Your instructions
When copying the data below, keep only the lines from the one with "GUCCI KAŞMİR ATKI" through the one with "Flat Infographics V2 34402168", word for word, and skip the pictures.
Start of Available records
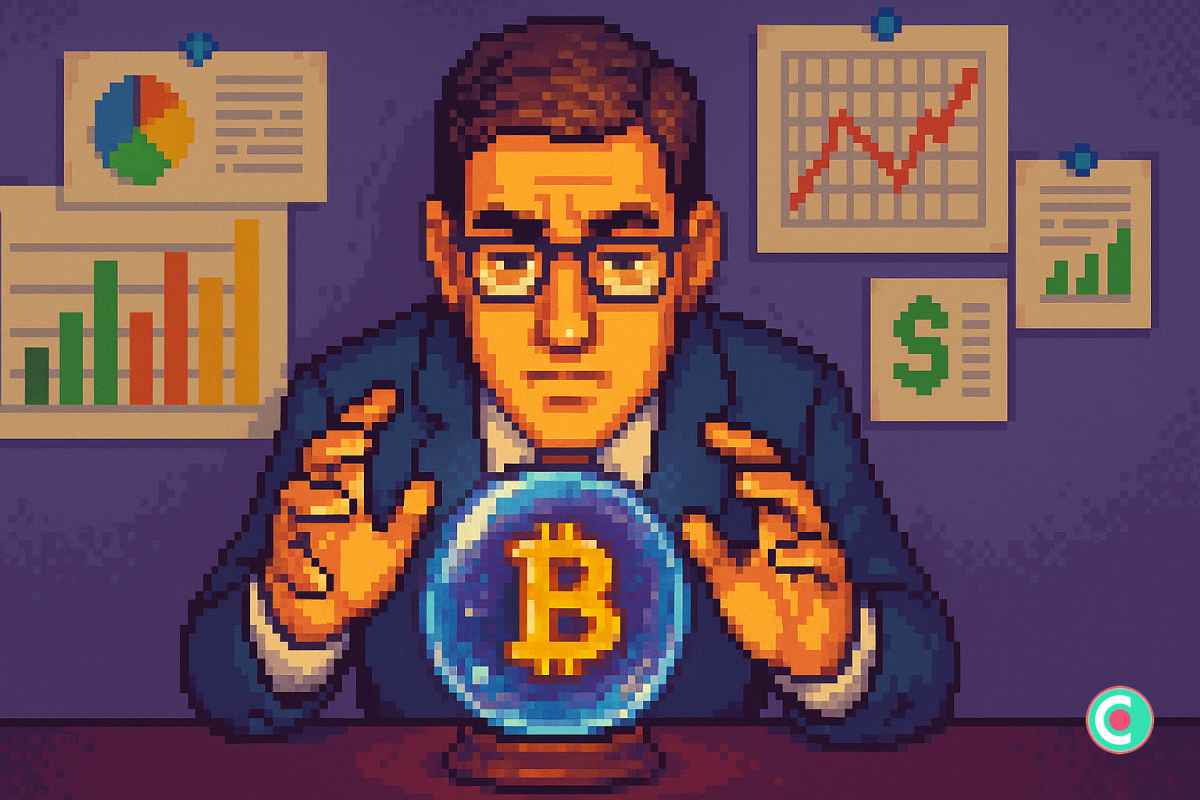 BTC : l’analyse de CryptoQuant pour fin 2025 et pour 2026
End of Available records
Start of Available records
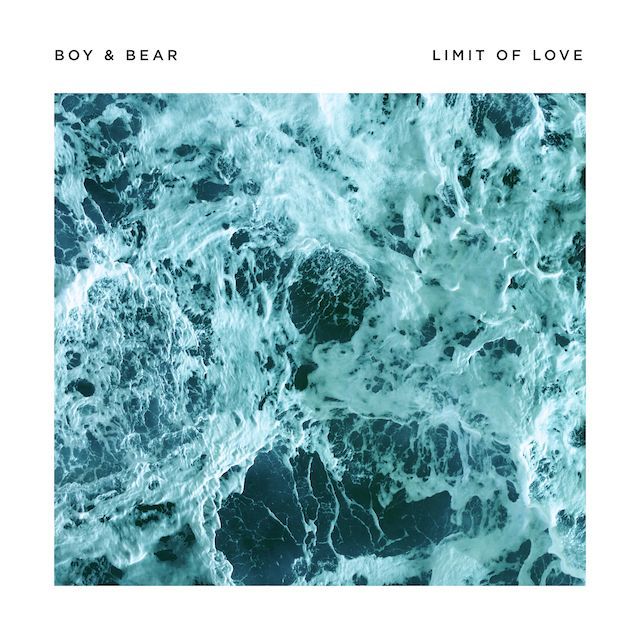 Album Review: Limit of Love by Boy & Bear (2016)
End of Available records
Start of Available records
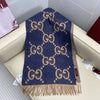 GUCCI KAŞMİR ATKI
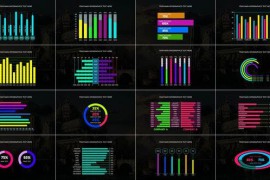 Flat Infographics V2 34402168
End of Available records
Task answer
 GUCCI KAŞMİR ATKI
 Flat Infographics V2 34402168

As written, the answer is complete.